Georesolution¶
The georesolution step takes the tagged text file as input and
processes the location entities to give them spatial co-ordinates. The
chosen gazetteer is queried to produce a list of candidate locations
for each toponym and these are ranked, with the highest ranking one
chosen to be shown as a green marker on the map display, or as the
only marker if the -top
option is used.
The tagged text file produced by the geotagging step contains further markup - for other entity categories besides location (person, organisation, time expressions) and for temporal events, which are expressed as binary relations between pairs of entities. Although obviously the geoparser’s main business is with spatial entities, the temporal relations are processed at the end of the georesolution step, to produce a timeline display of events detected in the text.
The input file for this step is in a temporary file, labelled
“tmp-temprel” in the flowcharts of the Overview chapter; see
Georesolution flowchart. The actual file will be in the /tmp
directory, with a name that includes the username of the process in
which the script was run and a unique string generated from the name
of the script that’s running and its process number, suffixed in this
case with “temprel” to identify the content, eg
“$USER-run-5648-temprel”. These temporary files are removed when the
pipeline exits unless the $LXDEBUG environment variable is set, in
which case they are kept for examination.
The final output file - written to $outdir.out.xml
if -o
outdir
is specified and to stdout otherwise - is described at
output file in the Practical Examples chapter, and
there is an example file here
(html documentation only). The
“tmp-temprel” file differs only in respect of the location
entities. In the unprocessed temprel file these look like this:
<ent type="location" id="rb6">
<parts>
<part sw="w148" ew="w148">Toronto</part>
</parts>
</ent>
The georesolution step adds extra attributes to this element, from the Geonames gazetteer in this example:
<ent id="rb6" type="location" lat="43.7001138" long="-79.4163042"

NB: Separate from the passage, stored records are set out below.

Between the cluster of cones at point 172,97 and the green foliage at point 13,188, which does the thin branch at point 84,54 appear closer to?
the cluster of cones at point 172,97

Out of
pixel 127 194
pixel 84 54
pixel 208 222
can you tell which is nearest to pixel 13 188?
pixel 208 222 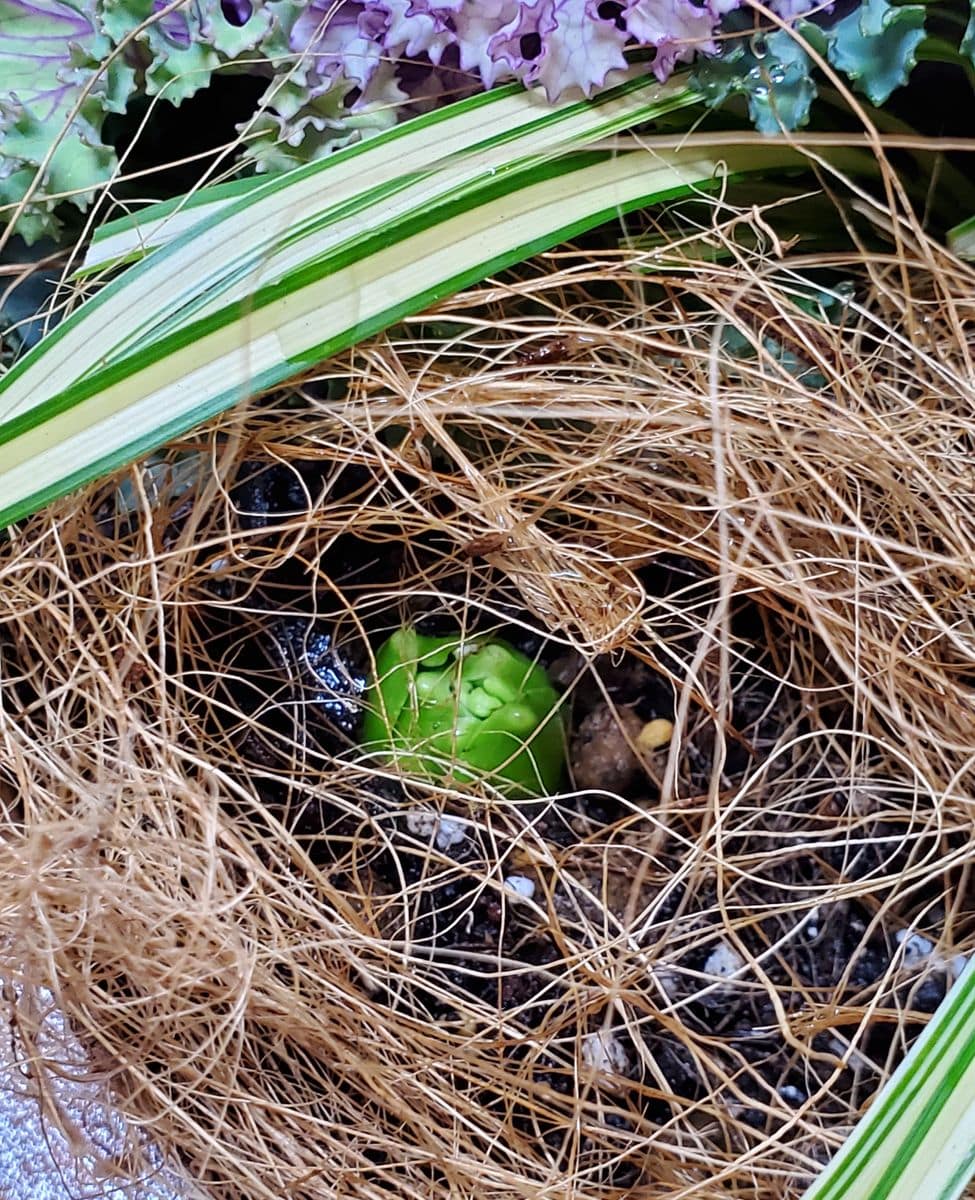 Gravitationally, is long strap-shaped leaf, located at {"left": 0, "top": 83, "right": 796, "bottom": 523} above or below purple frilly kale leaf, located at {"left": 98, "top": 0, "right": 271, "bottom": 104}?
below

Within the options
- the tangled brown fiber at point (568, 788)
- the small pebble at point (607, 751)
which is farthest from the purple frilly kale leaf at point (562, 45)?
the small pebble at point (607, 751)

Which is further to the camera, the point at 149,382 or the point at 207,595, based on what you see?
the point at 207,595

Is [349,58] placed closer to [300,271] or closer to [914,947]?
[300,271]

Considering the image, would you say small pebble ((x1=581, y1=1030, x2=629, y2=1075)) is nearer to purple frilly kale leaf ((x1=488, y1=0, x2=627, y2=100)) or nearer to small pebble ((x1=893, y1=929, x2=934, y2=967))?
small pebble ((x1=893, y1=929, x2=934, y2=967))

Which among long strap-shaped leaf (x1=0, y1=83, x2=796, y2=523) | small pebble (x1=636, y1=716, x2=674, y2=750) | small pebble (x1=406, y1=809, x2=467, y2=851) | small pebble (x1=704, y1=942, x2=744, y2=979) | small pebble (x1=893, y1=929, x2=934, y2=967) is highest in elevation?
long strap-shaped leaf (x1=0, y1=83, x2=796, y2=523)

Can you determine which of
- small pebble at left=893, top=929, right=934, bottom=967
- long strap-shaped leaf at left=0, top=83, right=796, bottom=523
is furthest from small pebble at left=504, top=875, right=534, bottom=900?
long strap-shaped leaf at left=0, top=83, right=796, bottom=523

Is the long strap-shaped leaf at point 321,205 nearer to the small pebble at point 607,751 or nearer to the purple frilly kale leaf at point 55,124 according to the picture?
the purple frilly kale leaf at point 55,124

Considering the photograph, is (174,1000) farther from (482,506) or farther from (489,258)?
(489,258)

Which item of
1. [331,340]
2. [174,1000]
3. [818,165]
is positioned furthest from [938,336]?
[174,1000] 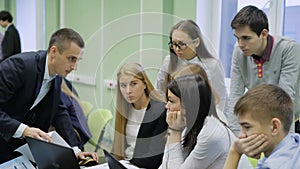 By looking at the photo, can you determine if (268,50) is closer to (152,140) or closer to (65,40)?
(152,140)

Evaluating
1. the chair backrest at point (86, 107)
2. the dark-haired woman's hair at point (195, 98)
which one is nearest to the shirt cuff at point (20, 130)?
the chair backrest at point (86, 107)

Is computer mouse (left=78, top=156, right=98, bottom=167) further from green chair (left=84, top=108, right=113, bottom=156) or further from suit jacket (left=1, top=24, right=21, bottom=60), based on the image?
suit jacket (left=1, top=24, right=21, bottom=60)

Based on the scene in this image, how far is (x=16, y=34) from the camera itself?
590 cm

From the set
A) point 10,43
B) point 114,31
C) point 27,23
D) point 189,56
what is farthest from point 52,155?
point 27,23

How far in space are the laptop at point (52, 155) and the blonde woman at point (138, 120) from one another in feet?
1.11

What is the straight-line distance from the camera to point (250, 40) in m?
2.13

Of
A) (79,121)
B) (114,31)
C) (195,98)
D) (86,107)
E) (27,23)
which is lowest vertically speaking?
(79,121)

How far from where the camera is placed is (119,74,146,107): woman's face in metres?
1.90

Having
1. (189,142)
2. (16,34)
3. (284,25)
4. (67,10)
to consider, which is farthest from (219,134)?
(16,34)

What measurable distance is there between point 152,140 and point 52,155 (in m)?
0.50

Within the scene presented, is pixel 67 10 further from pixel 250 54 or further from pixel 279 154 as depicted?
pixel 279 154

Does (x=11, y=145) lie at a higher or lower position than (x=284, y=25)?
lower

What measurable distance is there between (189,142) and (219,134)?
153mm

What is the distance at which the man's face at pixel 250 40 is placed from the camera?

in-country="CA" gazref="geonames:6167865" feat-type="ppl"
pop-size="4612191">
<parts>
<part ew="w148" sw="w148">Toronto</part>
</parts>
</ent>
This is the top-ranked candidate,
http://www.geonames.org/6167865/toronto.html. The other candidates
are listed in $outdir/gaz.xml
- see example file here
(html documentation only). In this example
there were 20 candidates for Toronto, which is the maximum number the geoparser
considers. The first five are shown below:
<placenames>
<placename id="rb6" name="Toronto">
<place rank="1" score="1.762934636" scaled_type="0.8" scaled_pop=
"0.9327814568" scaled_contained_by="0" scaled_contains="0" scaled_near="0"
in-cc="CA" long="-79.4163" lat="43.70011" type="ppla" gazref=
"geonames:6167865" name="Toronto" pop="4612191" clusteriness="870.3494166"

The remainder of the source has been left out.